Outro fato identificado pela Força-Tarefa, já no período de enfrentamento ao Covid-19, foi o repasse de R$ 3,3 milhões à empresa ligada à Organização Social que deveriam ser destinados à construção de dez leitos de UTI no Hospital Regional. As obras estão em andamento, contudo, o projeto elaborado pela Organização Social, que resultou na contratação, é impreciso, sem levantamentos prévios de custos, utilizado somente para recebimento da verba pública. A empresa contratada para executar a obra pertence ao mesmo grupo criminoso investigado.

Também ficou demonstrado o descaso da Organização Social com a saúde pública em situações como a distribuição de máscaras de proteção facial vencidas aos profissionais que trabalham HRVRP, já no curso da pandemia, e o descarte irregular, diretamente no meio ambiente, de uma cápsula de raio-x, possivelmente contendo material químico ou radioativo. A Força-Tarefa também identificou que cargos e empregos gerados pelo hospital público gerido pela Organização Social eram usados para benefício dos investigados e de seus indicados, sem observância aos critérios constitucionais da impessoalidade, moralidade e eficiência.

INDICIAMENTO

A execução das medidas visa fazer cessar as ações criminosas praticadas pelos investigados, angariar novas provas para instrução do inquérito policial e demais procedimentos administrativos/civis em andamento e, em especial, promover a descapitalização financeira da organização criminosa, permitindo a recuperação de parte dos valores desviados.
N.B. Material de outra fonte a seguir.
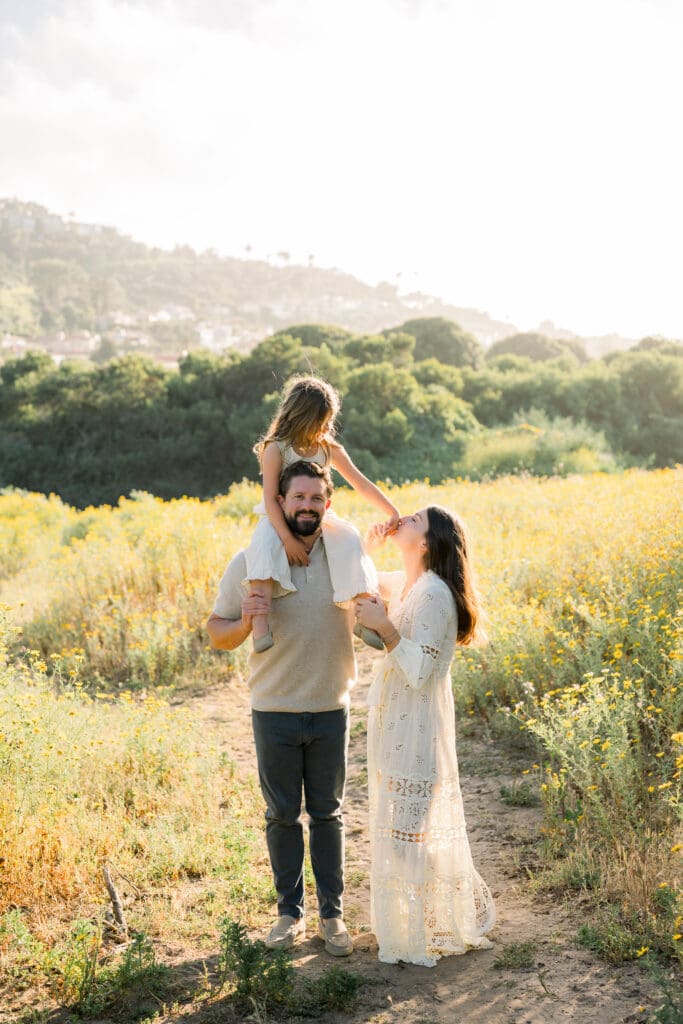 A family taking family photos in the wildflowers of Palos Verdes.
Paralelo às ações de natureza cautelar processual penal (prisões, buscas, arresto/sequestro de bens e bloqueio de contas), a Força-Tarefa também executa medidas judiciais na seara civil, com o propósito de afastar os administradores da Organização Social investigada, bem como, especialmente, garantir a continuidade dos serviços desenvolvidos no Hospital Regional, através da designação de um interventor. A deflagração da Operação Camilo acontece sem prejuízos à continuidade do serviço público de saúde oferecido à população pelo hospital.

Os investigados serão indiciados, de acordo com sua participação, nos crimes capitulados nos artigos 89 e 90 da Lei 8.666/1993, artigo 2º da Lei 12.850/2013, artigo 1° do Decreto-Lei 201/67, artigo 1º da Lei 9.613/1998 e artigos 312, 317 e 333 do CPB, além de possíveis crimes tributários. (Com informações da Polícia Federal e Ministério Público Estadual)

Prefeito ficará afastado por 90 dias

Com a prisão temporária cumprida, o prefeito de Rio Pardo, Rafael Barros (PSDB), ficará detido na Polícia Federal. Ele também ficará afastado por 90 dias do cargo de prefeito. Seu lugar será ocupado no período pela vice-prefeita Rosane Rocha (PTB). A vice-prefeita foi comunicada pela Polícia Federal por meio de um ofício sobre a suspensão dos direitos políticos do prefeito.

Em nota para a imprensa, a Associação dos Municípios do Vale do Rio Pardo (Amvarp) reforça que não possui nenhuma relação com as investigações da Operação Camilo ocorridas na cidade de Rio Pardo. A entidade diz ainda que a aplicação das medidas judiciais noticiadas pela imprensa se refere exclusivamente à gestão pública do município de Rio Pardo. “A entidade não compactua com nenhum ato de corrupção e apoia toda e qualquer ação que visa zelar pelo bem público”, disse a entidade.

Com o afastamento de Barros, o prefeito de Candelária, Paulo Butzge, que é o primeiro vice-presidente eleito, assume interinamente o comando da entidade. A assessoria de imprensa confirmou que uma assembleia será realizada nos próximos dias para debater o assunto.